### YOUR INSTRUCTIONS
Copy out exactly, from the entries that follow, the line holding "4 de Julho enfrenta o São Paulo nesta terça", the line holding "We remember how", and all lines between them, but no pictures.

### DATA FOR THIS EXERCISE
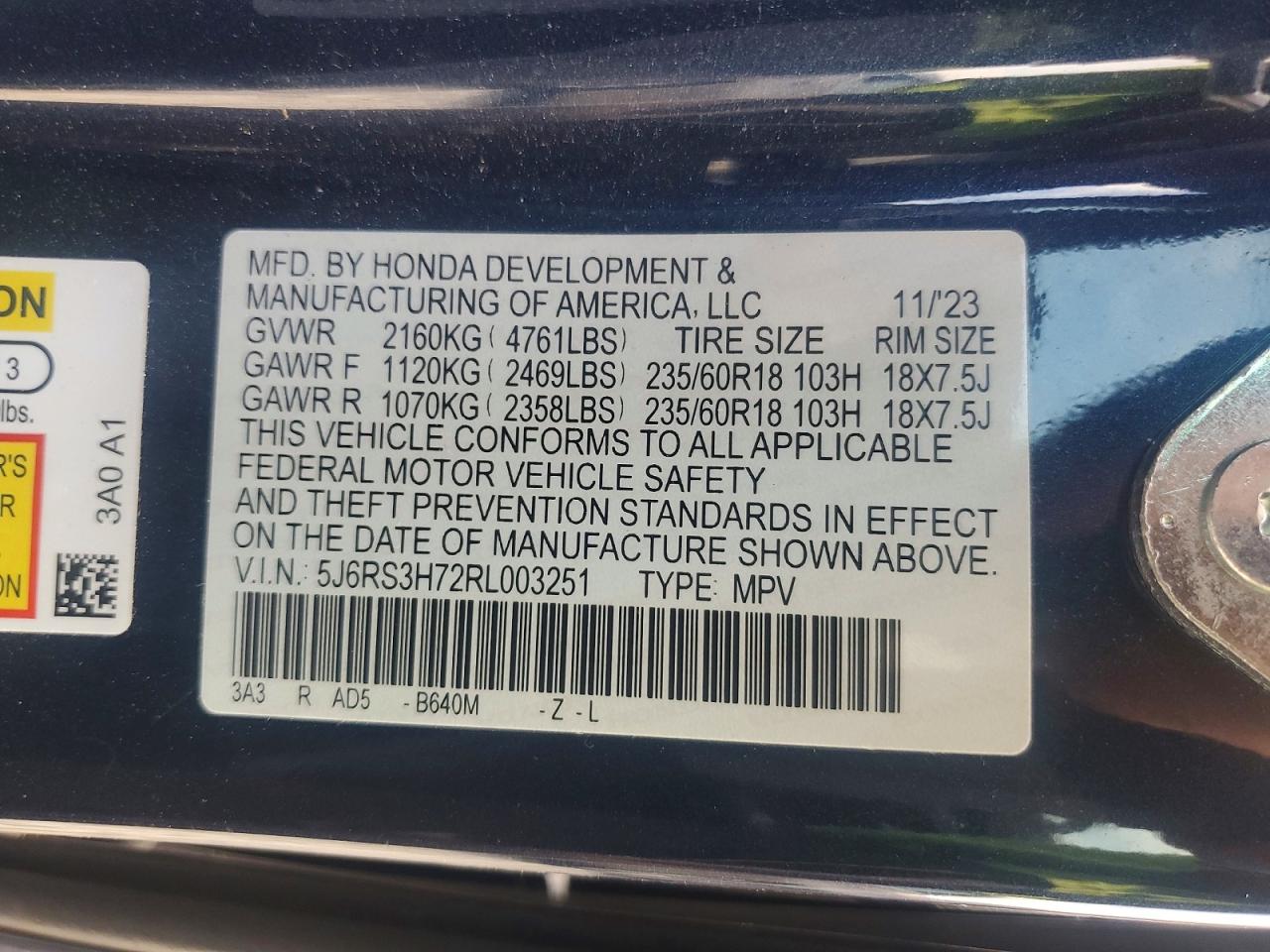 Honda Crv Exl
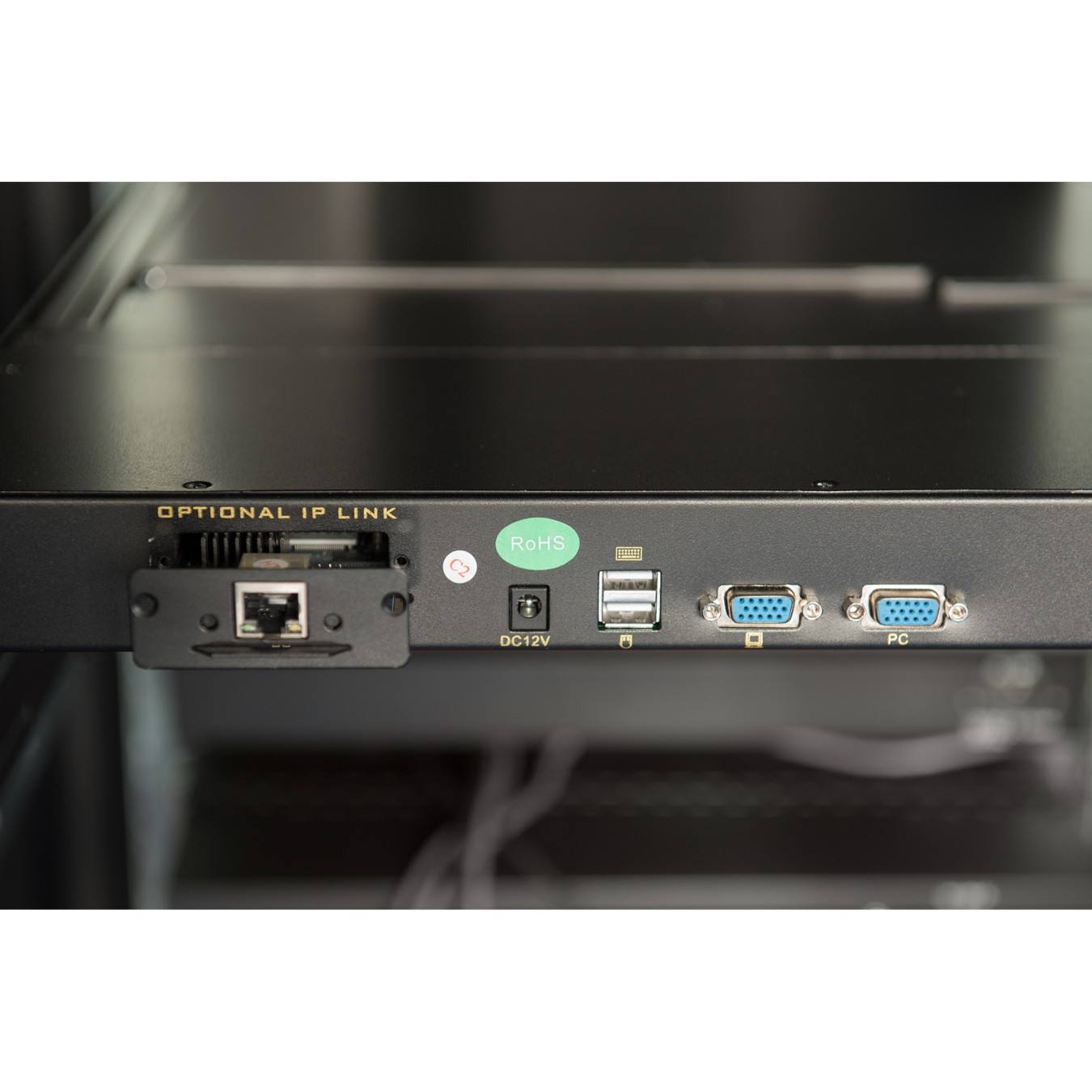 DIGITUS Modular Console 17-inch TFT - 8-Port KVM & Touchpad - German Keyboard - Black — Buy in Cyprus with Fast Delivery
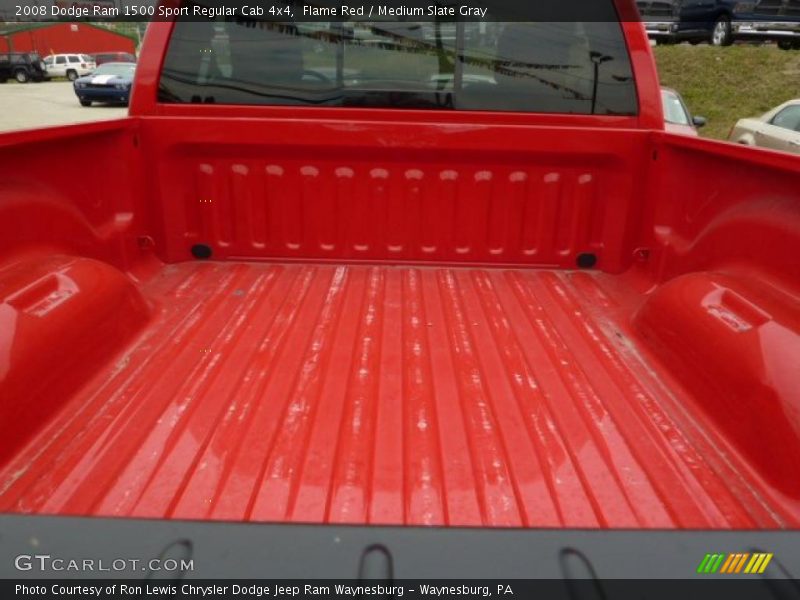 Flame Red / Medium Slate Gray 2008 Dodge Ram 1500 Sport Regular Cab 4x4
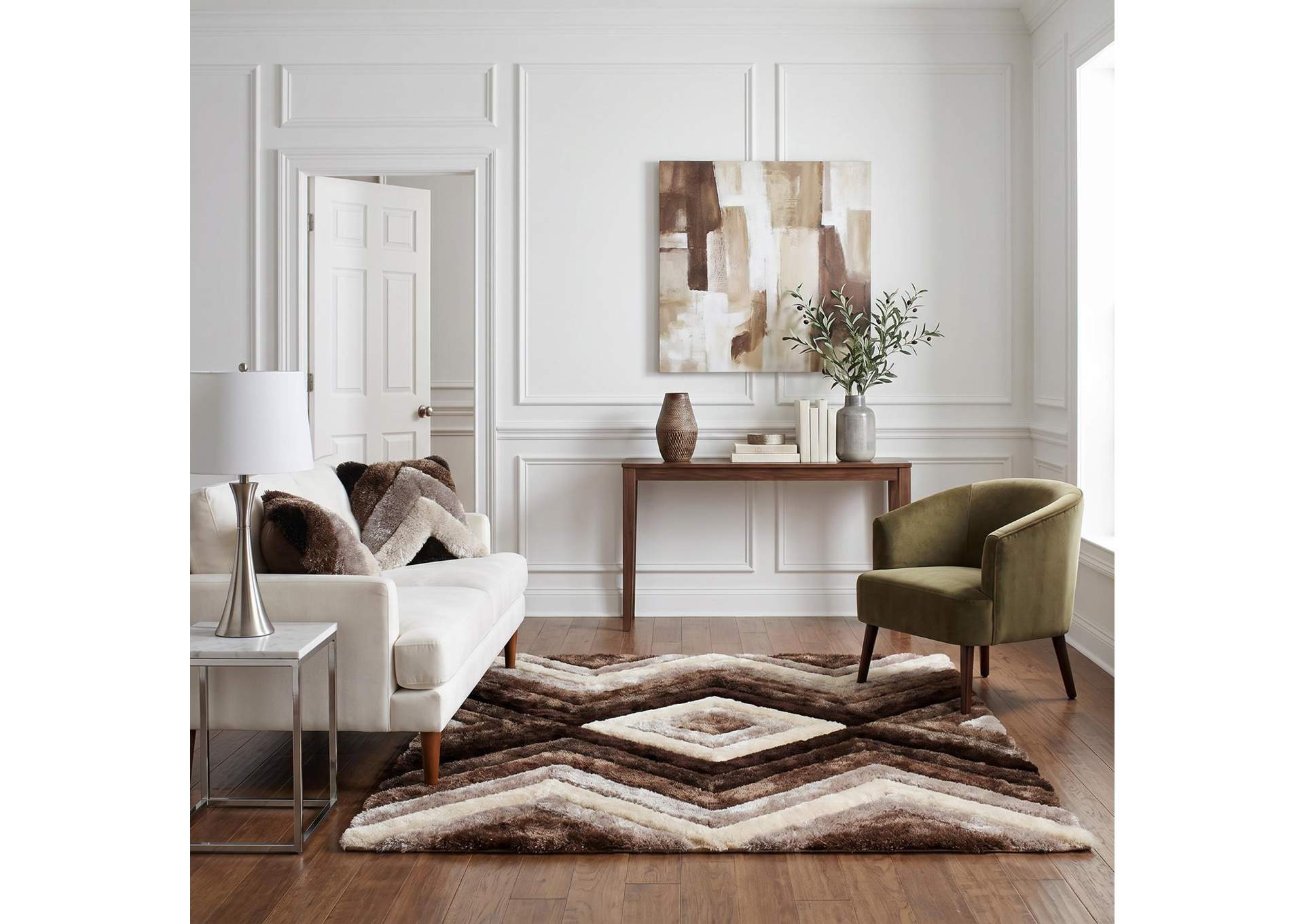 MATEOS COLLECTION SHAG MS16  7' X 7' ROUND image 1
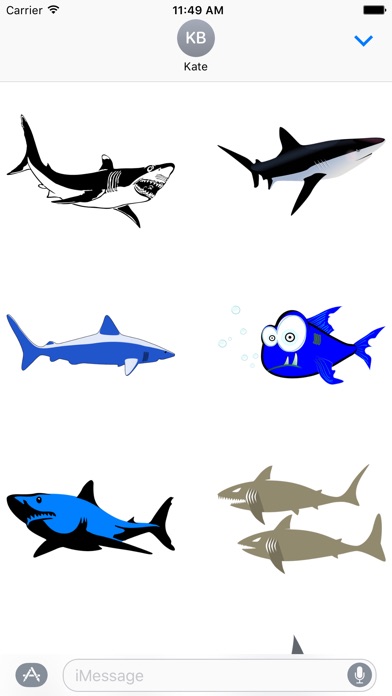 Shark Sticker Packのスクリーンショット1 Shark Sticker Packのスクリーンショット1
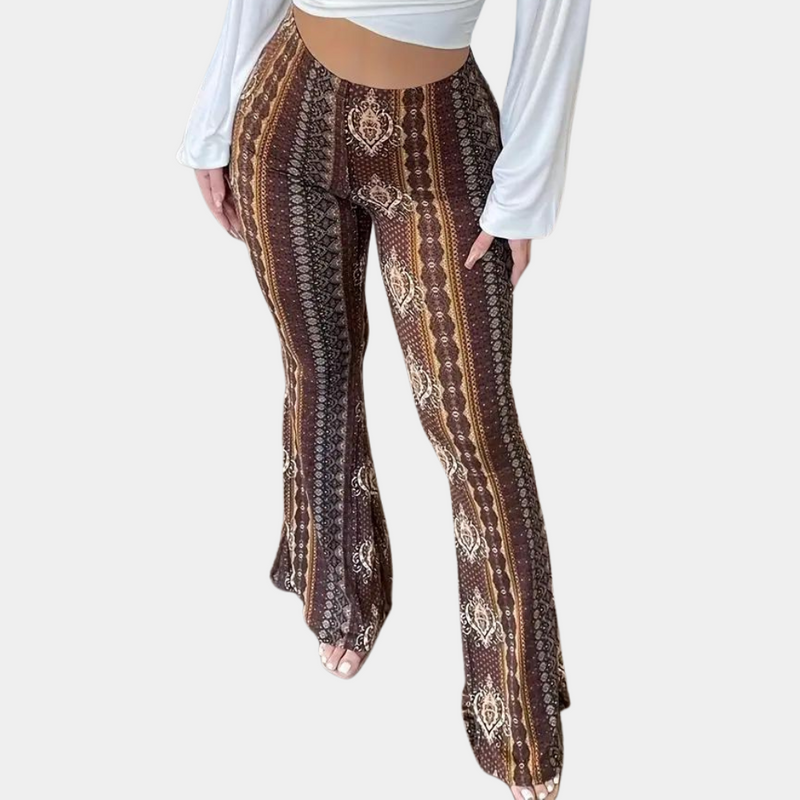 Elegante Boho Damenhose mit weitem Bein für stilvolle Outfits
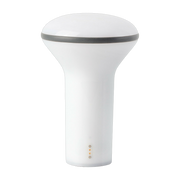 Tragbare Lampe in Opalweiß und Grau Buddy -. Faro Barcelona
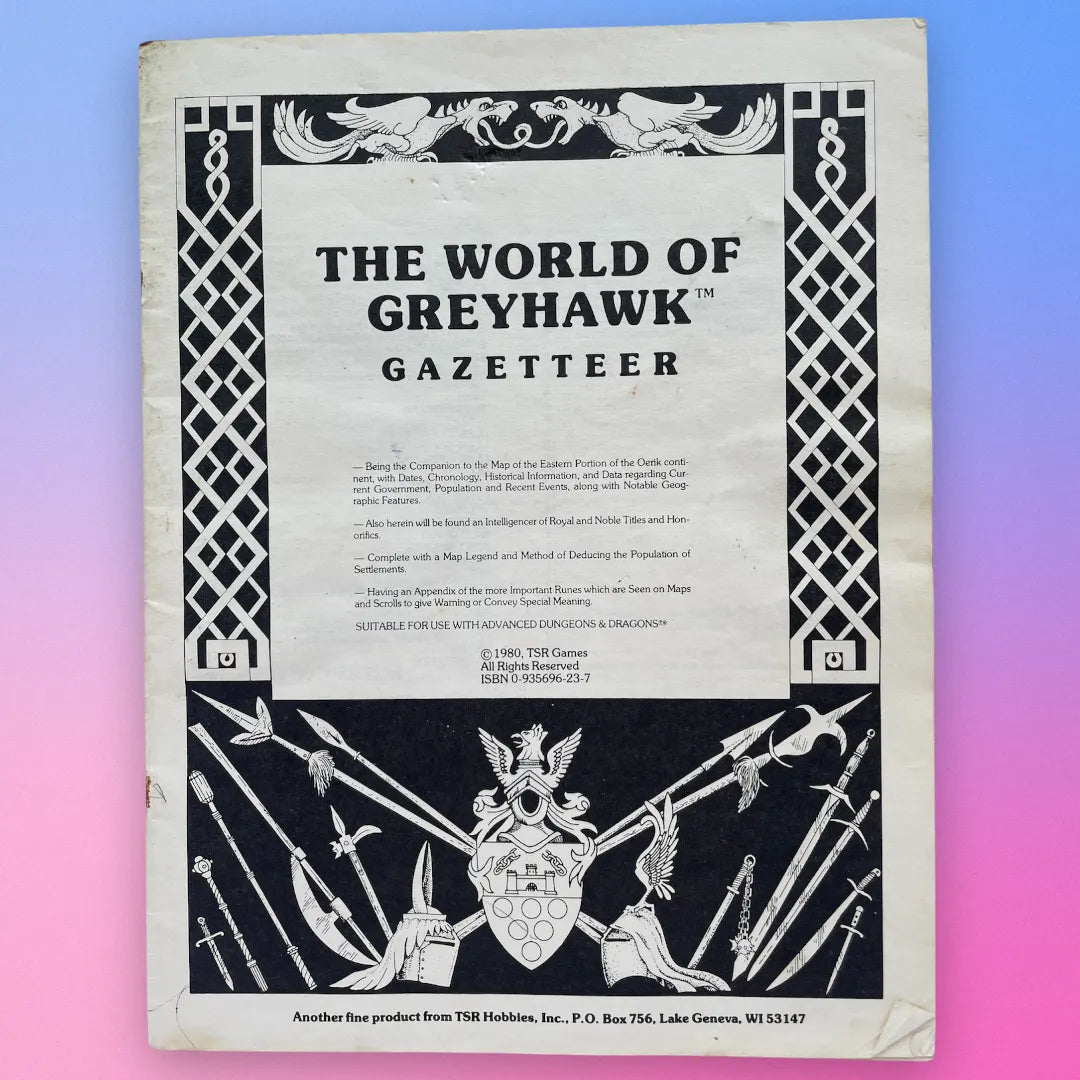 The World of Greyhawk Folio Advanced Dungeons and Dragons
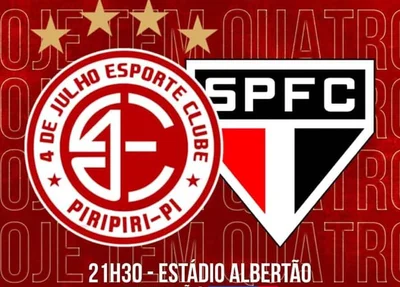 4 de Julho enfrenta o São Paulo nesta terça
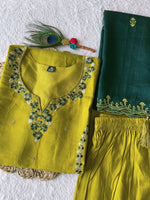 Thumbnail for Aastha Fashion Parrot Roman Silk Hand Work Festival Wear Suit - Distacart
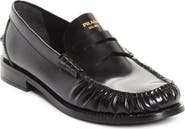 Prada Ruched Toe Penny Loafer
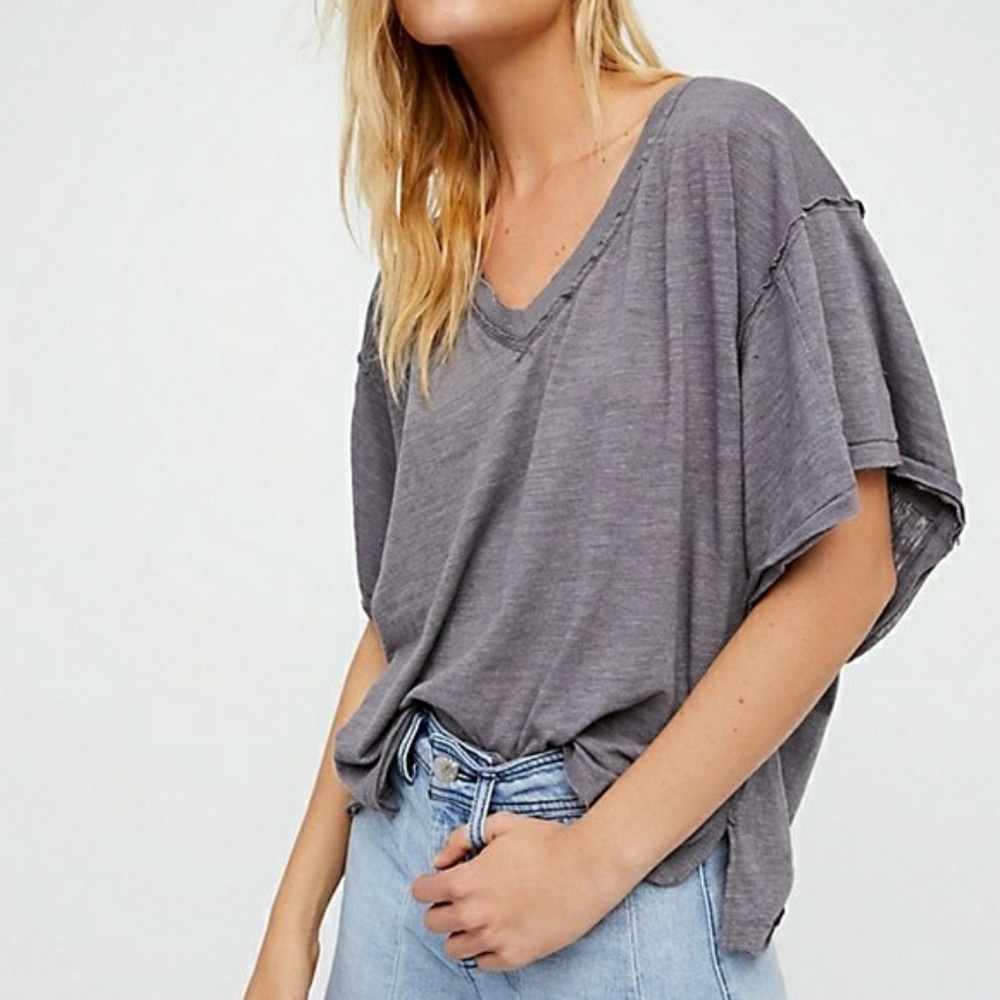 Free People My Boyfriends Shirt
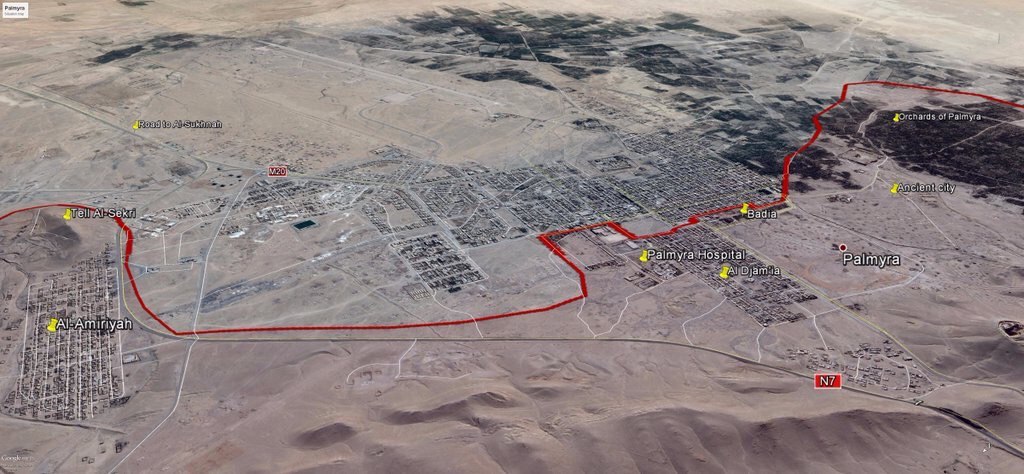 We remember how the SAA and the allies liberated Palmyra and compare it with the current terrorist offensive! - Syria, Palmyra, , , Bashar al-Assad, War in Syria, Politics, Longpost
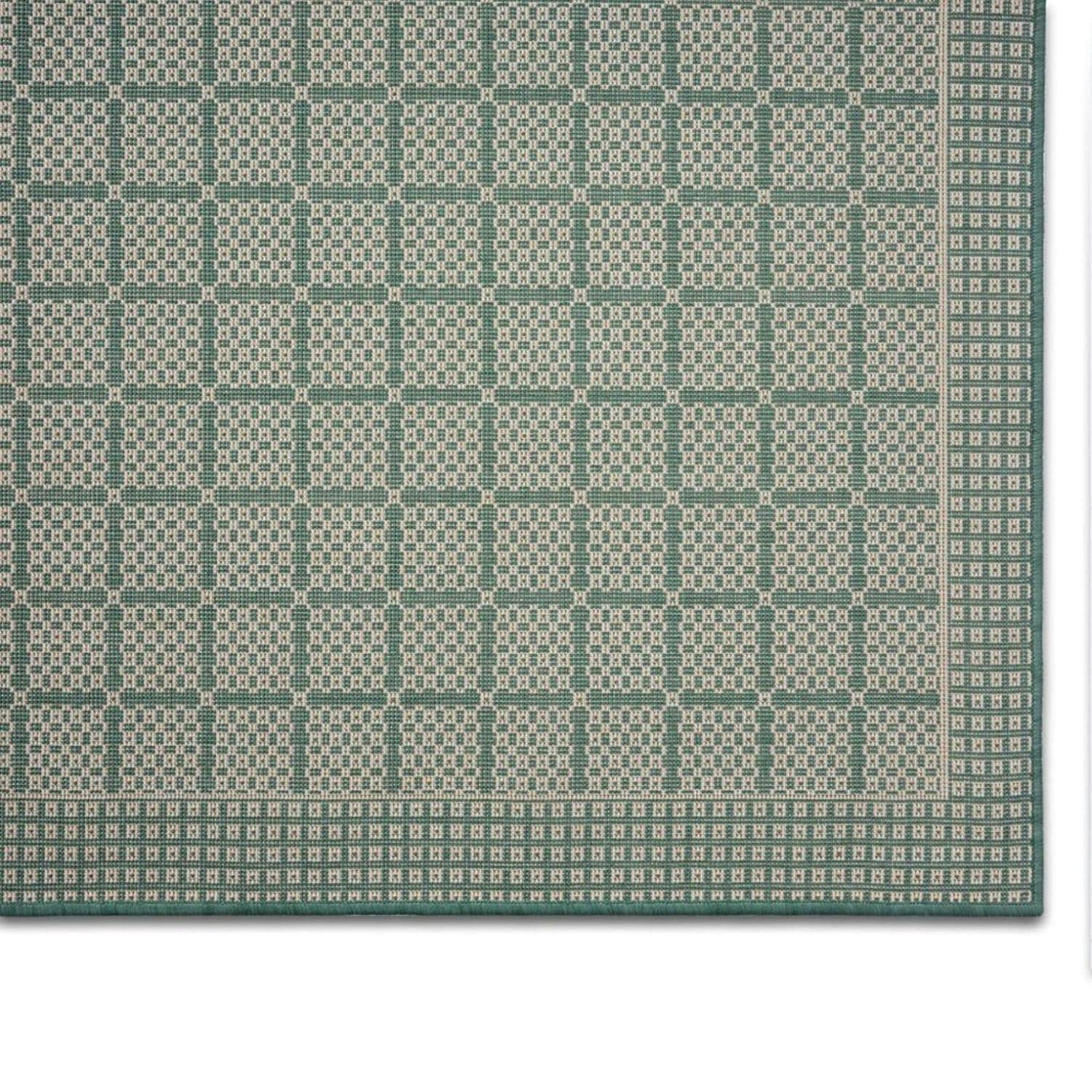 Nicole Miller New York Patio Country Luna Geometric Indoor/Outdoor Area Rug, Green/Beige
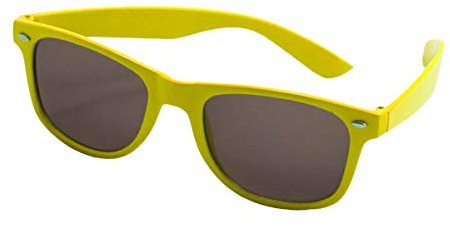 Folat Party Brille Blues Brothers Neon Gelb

### YOUR SOLUTION
 4 de Julho enfrenta o São Paulo nesta terça
 Thumbnail for Aastha Fashion Parrot Roman Silk Hand Work Festival Wear Suit - Distacart
 Prada Ruched Toe Penny Loafer
 Free People My Boyfriends Shirt
 We remember how the SAA and the allies liberated Palmyra and compare it with the current terrorist offensive! - Syria, Palmyra, , , Bashar al-Assad, War in Syria, Politics, Longpost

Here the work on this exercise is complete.